The antithesis of traditional, classroom-based, rote learning, the process consists of learners actively participating in discovering new ‘knowledge’ for themselves, rather than passively receiving information.

It is based on the premise that we learn best what we discover for ourselves. To facilitate this voyage of self-discovery, participants are put in surprising or challenging situations, working in groups to conduct experiments and share insights from their experiences. The aim is to encourage individuals to think for themselves, speculate, develop hypotheses and cooperate with others to develop solutions.

In the unique LBS model, each discovery activity or event – which may be as long as a week – is followed by a stage where participants conduct an experiment, trying out different models to see how that affects the outcome. It is a kind of trial-and-error-based learning where participants act on the world and examine the results, then present their findings to the board or other senior groups. The ‘creative encounters’ both shape the experiment participants want to conduct and catalyse them into putting energy into the process.

Dr Jules Goddard, Teaching Fellow at London Business School and one of the pioneers of discovery learning at LBS, says, “It’s in the creative encounters that participants start to invent different ways of either designing the organisational model – how they work together with each other ­– or the business model itself; how they serve their customers inside and outside, in some sense. The experimentation and the encounters work in parallel.”

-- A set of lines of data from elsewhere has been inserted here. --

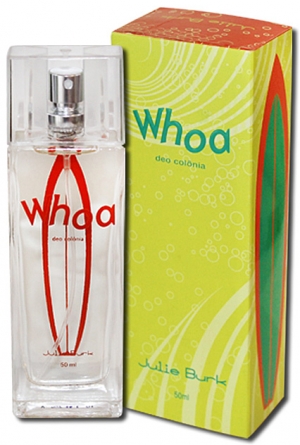 Whoa Julie Burk Perfumes de barbati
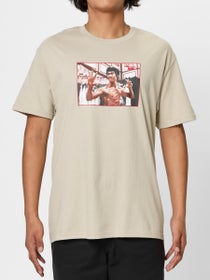 DGK x Bruce Lee Focus T-Shirt Sand
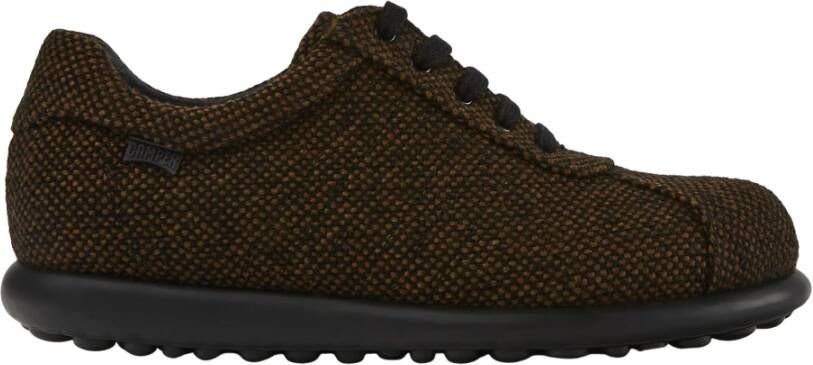 Camper Ariel Trainers Premium Leren Sneakers Brown Dames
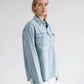 Brunette The Label Jolene Denim Shirt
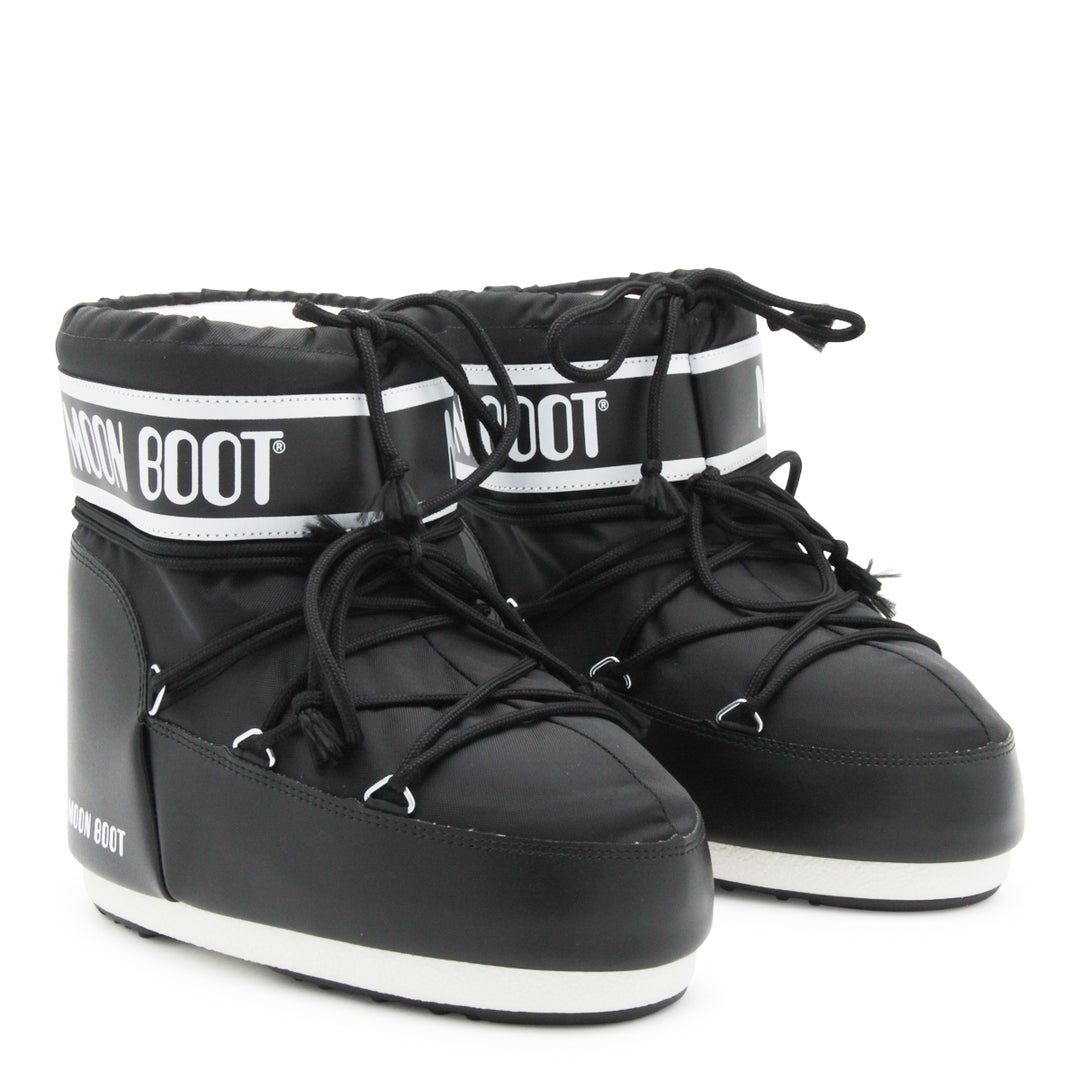 Moon Boot Boots - BLACK | a22302ce3a0ea802676aa1138a275ba7d0baebfc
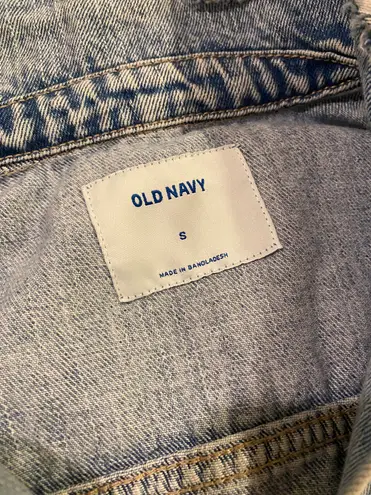 Old Navy Jean Jacket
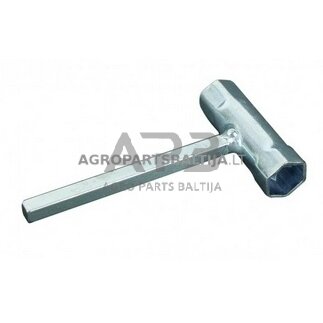 Žvakės ir telapo raktas 19 x 21 1 Žvakės ir telapo raktas 19 x 21 1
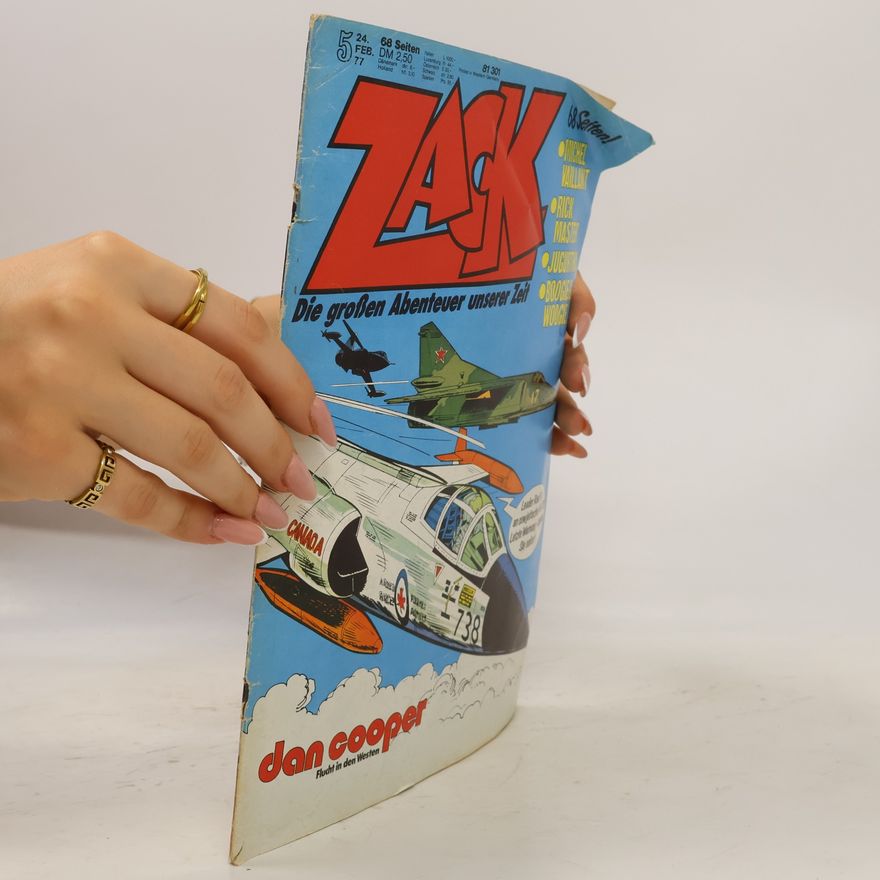 AA.VV. Zack 5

Frequently, it’s through the experiments as much as the creative encounters that lasting corporate-level change materialises, because “new and exciting ideas are being tested for real”. And in a business context – where the ultimate aim is to generate creative business solutions – the results can be revolutionary.

 

Designing the intervention

Because companies vary in shape, size and stage of growth, it is not effective just to offer a standard, one-size-fits-all curriculum. Professor Nader Tavassoli, another member of faculty with long experience in this area, says: “LBS is extremely well known for offering a broader set of experiential learning and discovery programmes, which come in many different forms. We have discovery visits for MBA students as part of their course, open programmes where participants go on discovery experiences, and longer – and very successful – custom executive education programmes.”

The latter begin with often lengthy discussions with client organisations to understand the company’s culture and business philosophy, then an intensive design effort to develop a programme that translates the concept into something real. This typically revolves around ‘creative encounters’ in unusual settings, but also role-playing, storytelling, small-group sense-making, and guided debriefs with faculty and other experts.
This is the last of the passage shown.